Four Questions for Your Cataract Surgeon

It can be a scary thing to face cataract surgery. In fact, most eye doctors need a lesson in bedside manner. Eye doctors get in a big a hurry and tell patients they need cataract surgery to improve their vision without really explaining what a cataract is and what cataract surgery is all about. 

A cataract is a clouding of the eye's lens. Cataracts are the leading cause of blindness among people older than 55. Most older people have some degree of lens clouding, which is a normal part of aging. A cataract is similar to looking through a foggy window. Cataracts usually grow so slow that you will not notice the decrease in your vision. Cataracts can cause you to need a lot more light to read. People with cataracts often complain about glares and halos around lights while driving at night. Sometimes night  driving becomes almost impossible.

If you are considering cataract surgery, be sure to do your research so you know what to expect. Following are five questions to ask your doctor before he or she performs your cataract surgery.

1
Will I know when it's time for cataract surgery?

Patient counseling is a priority. Dan Dalton

The answer to this question in some ways is simple: when you feel that your vision is not as good as you would like it to be. In the real world, it is sometimes difficult to tell when that is. Cataracts usually grow slowly so it's not always easy to tell. Ask your doctor what the quantity and the quality of your vision is. One way to measure quantity of vision is to find out what your best corrected visual acuity is. This means exactly how good your vision can be with corrective glasses or contact lenses. This will give you an idea of how bad your cataracts are. Normal eyes see 20/20. If your vision is 20/60, that is several times worse than normal. The quality of your vision can be measured by a BAT test. A BAT will simulate how your vision is when faced with headlights while driving at night. You may have 20/25 best corrected vision, but when measured by a BAT test, your vision may drop to 20/100.

2
What type of surgery will I have?

A picture of a cataract
A.D.A.M.

A few years ago, this was a simple question. Traditionally, most people had cataract surgery by phacoemulsification.

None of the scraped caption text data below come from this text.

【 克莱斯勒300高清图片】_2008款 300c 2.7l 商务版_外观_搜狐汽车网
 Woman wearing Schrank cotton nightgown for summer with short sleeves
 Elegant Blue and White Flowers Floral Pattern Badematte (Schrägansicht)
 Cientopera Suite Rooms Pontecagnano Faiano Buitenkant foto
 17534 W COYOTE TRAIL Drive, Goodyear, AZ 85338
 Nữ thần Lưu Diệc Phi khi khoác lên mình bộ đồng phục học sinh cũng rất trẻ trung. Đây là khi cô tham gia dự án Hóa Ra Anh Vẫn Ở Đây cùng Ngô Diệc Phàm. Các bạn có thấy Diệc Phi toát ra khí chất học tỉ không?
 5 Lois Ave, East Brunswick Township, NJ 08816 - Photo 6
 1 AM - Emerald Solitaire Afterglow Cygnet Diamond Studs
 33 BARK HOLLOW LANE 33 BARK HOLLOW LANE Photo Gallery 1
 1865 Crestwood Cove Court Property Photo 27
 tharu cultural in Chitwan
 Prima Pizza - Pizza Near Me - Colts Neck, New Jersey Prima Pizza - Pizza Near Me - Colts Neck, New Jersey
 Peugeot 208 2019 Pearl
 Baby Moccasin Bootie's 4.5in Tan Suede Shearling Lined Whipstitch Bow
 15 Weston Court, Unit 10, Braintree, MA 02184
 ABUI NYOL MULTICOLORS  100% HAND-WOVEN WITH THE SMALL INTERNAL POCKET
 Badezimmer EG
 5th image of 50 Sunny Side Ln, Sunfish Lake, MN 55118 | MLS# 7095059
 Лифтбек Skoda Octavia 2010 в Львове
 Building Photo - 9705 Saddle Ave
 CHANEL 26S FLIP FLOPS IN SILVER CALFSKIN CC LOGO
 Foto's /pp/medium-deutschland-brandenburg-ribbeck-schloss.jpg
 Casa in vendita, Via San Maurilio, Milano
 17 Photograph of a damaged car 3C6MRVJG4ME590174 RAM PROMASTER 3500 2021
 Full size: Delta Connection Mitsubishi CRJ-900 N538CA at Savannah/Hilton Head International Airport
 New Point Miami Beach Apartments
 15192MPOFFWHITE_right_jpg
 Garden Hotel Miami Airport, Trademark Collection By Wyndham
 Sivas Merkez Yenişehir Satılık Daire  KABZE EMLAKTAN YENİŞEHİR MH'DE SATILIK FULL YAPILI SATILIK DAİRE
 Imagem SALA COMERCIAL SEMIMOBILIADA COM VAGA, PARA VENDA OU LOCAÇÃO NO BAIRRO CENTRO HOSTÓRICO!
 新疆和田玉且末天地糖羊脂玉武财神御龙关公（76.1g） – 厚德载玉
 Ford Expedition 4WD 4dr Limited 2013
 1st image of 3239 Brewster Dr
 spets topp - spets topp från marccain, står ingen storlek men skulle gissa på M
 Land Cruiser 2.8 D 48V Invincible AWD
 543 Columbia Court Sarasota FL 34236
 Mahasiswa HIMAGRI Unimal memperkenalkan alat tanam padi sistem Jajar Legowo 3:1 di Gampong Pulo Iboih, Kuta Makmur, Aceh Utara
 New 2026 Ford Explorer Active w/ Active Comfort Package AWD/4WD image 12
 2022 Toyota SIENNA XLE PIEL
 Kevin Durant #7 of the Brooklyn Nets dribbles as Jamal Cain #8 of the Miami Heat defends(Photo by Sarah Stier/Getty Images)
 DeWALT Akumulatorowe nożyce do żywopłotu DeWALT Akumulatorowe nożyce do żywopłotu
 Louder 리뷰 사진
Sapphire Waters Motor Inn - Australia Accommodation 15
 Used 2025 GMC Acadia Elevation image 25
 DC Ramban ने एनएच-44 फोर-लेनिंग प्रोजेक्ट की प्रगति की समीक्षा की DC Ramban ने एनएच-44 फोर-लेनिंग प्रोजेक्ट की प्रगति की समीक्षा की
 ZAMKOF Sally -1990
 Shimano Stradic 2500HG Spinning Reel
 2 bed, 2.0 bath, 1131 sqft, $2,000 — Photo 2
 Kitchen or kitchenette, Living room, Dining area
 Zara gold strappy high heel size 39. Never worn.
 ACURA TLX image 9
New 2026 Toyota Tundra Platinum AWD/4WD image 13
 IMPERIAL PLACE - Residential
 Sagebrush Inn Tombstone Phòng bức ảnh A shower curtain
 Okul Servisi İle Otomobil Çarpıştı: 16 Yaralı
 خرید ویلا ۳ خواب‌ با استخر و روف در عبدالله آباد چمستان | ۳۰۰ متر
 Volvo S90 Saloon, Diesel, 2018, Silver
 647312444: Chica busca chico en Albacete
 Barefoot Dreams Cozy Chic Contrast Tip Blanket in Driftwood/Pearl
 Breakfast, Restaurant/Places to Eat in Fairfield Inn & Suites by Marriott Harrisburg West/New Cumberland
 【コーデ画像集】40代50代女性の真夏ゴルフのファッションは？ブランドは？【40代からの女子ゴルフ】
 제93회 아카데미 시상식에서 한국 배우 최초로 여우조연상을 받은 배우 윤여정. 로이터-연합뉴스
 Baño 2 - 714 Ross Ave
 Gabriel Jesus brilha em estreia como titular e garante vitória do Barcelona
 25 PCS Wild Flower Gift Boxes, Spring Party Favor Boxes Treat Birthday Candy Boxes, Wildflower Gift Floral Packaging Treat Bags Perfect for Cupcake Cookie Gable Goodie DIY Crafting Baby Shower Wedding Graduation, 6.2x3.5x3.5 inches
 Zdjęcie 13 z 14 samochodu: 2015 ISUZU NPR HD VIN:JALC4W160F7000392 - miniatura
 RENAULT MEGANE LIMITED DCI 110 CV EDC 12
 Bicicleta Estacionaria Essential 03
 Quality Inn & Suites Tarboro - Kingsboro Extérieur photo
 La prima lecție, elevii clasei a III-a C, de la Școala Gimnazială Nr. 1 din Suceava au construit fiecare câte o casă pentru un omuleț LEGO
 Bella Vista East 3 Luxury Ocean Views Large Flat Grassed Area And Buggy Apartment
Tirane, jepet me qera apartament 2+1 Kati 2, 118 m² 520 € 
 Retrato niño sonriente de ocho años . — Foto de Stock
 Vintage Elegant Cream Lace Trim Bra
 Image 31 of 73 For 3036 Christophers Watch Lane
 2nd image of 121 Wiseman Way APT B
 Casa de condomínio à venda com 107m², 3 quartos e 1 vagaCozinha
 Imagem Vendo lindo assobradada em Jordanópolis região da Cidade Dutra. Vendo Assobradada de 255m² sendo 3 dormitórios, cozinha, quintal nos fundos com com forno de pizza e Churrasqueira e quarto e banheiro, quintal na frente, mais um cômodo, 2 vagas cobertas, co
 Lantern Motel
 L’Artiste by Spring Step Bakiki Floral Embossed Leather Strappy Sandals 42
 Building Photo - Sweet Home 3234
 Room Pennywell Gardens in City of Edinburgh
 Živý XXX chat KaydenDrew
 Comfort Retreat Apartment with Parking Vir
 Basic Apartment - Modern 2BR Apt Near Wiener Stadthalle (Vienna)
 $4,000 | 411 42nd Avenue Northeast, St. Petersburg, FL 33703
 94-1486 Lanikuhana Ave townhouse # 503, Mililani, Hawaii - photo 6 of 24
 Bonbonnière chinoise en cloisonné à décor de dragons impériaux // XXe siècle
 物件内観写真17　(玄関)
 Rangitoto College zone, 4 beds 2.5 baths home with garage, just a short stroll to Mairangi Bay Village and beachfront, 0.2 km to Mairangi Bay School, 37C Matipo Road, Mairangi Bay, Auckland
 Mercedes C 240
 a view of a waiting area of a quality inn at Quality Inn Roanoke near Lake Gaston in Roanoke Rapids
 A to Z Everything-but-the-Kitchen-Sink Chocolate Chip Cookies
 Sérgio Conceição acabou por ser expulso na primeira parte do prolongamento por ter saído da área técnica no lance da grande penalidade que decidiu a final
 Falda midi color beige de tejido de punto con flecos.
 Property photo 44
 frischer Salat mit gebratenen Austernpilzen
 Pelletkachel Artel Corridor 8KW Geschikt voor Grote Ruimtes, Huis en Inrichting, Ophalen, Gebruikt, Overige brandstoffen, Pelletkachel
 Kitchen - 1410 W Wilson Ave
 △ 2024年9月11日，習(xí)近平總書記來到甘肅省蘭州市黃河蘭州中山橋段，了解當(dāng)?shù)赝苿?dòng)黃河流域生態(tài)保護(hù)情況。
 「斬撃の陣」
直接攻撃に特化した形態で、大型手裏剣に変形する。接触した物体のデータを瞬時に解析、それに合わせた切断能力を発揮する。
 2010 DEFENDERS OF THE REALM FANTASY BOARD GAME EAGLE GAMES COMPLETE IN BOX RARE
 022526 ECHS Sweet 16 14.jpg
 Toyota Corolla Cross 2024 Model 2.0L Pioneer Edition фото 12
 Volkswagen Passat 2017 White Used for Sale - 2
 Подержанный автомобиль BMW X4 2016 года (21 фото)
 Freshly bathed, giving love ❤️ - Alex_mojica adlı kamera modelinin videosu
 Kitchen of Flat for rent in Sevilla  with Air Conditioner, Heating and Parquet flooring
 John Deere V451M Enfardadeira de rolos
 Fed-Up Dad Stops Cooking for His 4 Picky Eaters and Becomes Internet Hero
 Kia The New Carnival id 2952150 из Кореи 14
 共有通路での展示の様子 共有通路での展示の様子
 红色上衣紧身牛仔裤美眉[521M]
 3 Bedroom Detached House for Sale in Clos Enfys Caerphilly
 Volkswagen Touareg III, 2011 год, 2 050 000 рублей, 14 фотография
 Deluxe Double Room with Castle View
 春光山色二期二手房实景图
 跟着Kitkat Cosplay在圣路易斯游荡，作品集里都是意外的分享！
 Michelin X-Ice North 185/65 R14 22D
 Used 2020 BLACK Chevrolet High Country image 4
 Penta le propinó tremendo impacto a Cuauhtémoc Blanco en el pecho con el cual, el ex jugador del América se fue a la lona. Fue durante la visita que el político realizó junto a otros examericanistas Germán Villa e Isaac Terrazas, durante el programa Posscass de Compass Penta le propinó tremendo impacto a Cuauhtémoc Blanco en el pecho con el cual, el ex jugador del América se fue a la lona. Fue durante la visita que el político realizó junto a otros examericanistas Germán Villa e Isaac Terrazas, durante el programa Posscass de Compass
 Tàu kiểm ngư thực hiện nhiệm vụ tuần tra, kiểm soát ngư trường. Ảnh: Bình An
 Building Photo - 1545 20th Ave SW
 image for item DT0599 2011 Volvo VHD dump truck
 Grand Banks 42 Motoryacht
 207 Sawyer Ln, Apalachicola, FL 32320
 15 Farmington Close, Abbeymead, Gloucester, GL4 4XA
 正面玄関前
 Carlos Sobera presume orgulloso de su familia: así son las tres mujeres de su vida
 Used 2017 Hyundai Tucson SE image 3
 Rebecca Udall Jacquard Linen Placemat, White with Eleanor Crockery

The procedure was completed using a small blade for an initial incision, followed by a procedure conducted with a phacoemulsifier. A phacoemulsifier is an ultrasound device that vibrates at such a high speed that the cataract is emulsified or dissolved into tiny fragments and gently suctioned out of the eye. Fast forward to 2011 when the FDA approved "laser cataract surgery" or more precisely, "femtosecond laser cataract surgery." In laser cataract surgery, a surgeon can view a magnified, high-resolution image given to him or her by a built-in OCT device.  A peripheral incision can then be made strategically without taking the surgeon's experience into account. This laser-designed incision is safer and seals better than a surgeon-made incision. 

There is no question that in the hands of a highly trained cataract surgeon, laser cataract surgery is an excellent and advanced option. However, due to anatomy, some people cannot have laser cataract surgery. Phacoemulsification is still a very high quality way to perform cataract surgery. Part of your decision will be based on cost, as Medicare and commercial insurance companies do not cover laser cataract surgery.

3
What type of lens implant will be placed in my eye?

ADAM

This is one area where a lot of discussion should take place between patient and surgeon. The question really is centered more on your lifestyle than optics. How do you use your eyes on a daily basis? What special interests do you have? Are you a type-A personality where detail is super important to you? It is important because your surgeon can basically set your vision where you want it. Do you want to have perfect, glasses-free distance vision and then wear reading glasses for near vision, or the opposite? 

Once again, times have changed. Now people have the option of having the surgeon insert a multifocal intraocular lens implant. This means that the implant will attempt to deliver high quality distance vision, intermediate vision and near vision with no glasses. While the multifocal technology is indeed advanced, most surgeons will make sure the patient understands that there is no guarantee that they will have totally glasses-free vision.

4
What is my risk of possible complications?

LASIK Candidate
Antonio M. Rosario / Getty Images

All cataract surgery carries the risks of infection, bleeding and retinal detachment. However, some people may have a higher risk of these complications than others. For example, people that are highly nearsighted have a higher risk of having a retinal detachment during their lifetime than someone who is not nearsighted. When surgeons have a patient that is high risk, they may take special precautions or have a retinal specialist on call if problems occurr. Another example may be a patient who is taking a blood thinner or anti-coagulant for heart problems. These patients are sometimes asked to discontinue these medications for a couple of days before surgery.